Update : Saturday, February 24, 2018
So-hui Kim: Discouraged after wrongful decisionMistrust for WFT referees

So-hui Kim failed to advance into the semifinals as a result of a wrongful decision by a referee in the quarterfinal of F-49kg. An experienced referee at the Korea Taekwondo Association confirmed that it was indeed a wrongful decision by the referee upon sharing the video clip of the game that had been secured on site.

This misjudgment by the referee smeared this Championships’ achievements such as the highest participation of countries (183 MNAs and 1 refugee) and first Korean President visited Opening Ceremony.

June 25, the second day into the World Taekwondo Championships that opened in the T1 Arena, Taekwondowon, Muju.

After all, So-hui Kim (Republic of Korea) has gone into the quarterfinals.

Her quarterfinals’ opponent was Yuntao Wenren (People’s Republic of China). Into the third round, Kim led by 6:5.

Three seconds before the game’s end, Kim attacked the opponent’ side, and Wenren attacked in left back kick to the trunk in return. But Wenren’s kick coincided with Kim’s right left.

After this very moment, the referee paused the game, and gave a gamjum to Kim for attacking below the waistline.

So-hui Kim and Won-jae Lee, the coach-in-second, complained to the referee’s judgment, but they were unable to request a video replay with its already used in the past. The spectators and surrounding athletes had found the misjudgment in confusion. In the meanwhile, the game went into a golden round and ended with Yuntao Wenren’s win.

WTF said, “upon the video replay, the gamjum was suitable as the referee had judged due to attack below the waistline,” in response to an explanation for the situation.

However, Korea Taekwondo Association Referee Committee’s Vice Chairman Woo-phil Chun and former Chairman Seok-han Kang had thoroughly explained, “the referee’s judgement that So-hui Kim’s first right kick had been below the waistline is a misjudgment.

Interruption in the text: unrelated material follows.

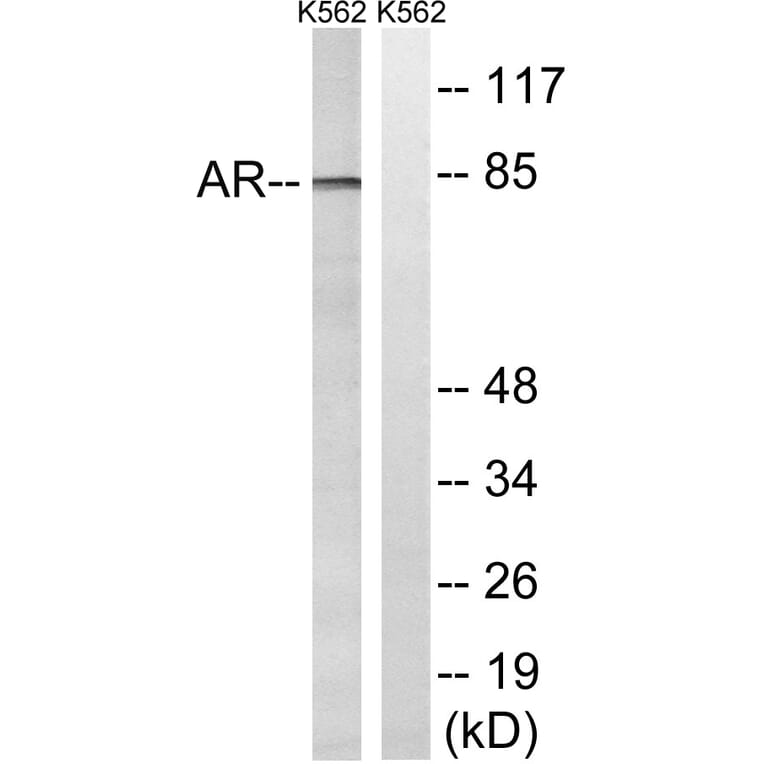Western Blot - Anti-Androgen Receptor Antibody (B8204) - Antibodies.com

If there was a case for gamjum, it should have been given to the Chinese athlete for kicking below the waistline in the back kick. There shouldn’t be any gamjum to the Chinese athlete, either, as this fast-moving moment had both attack and defense for both athletes. As for the exact case, So-hui Kim should not have received a gamjum. It is an understandable case when the referee had given a gamjum for an impeding kick, but this will require a different hand signal. Therefore, the first right kick is not a case for gamjum, and the referee’s judgement is error-in-judgment.”

Kim eventually lost her third triumph at the World Taekwondo Championships, and WTF is not in middle of a misjudgment crisis.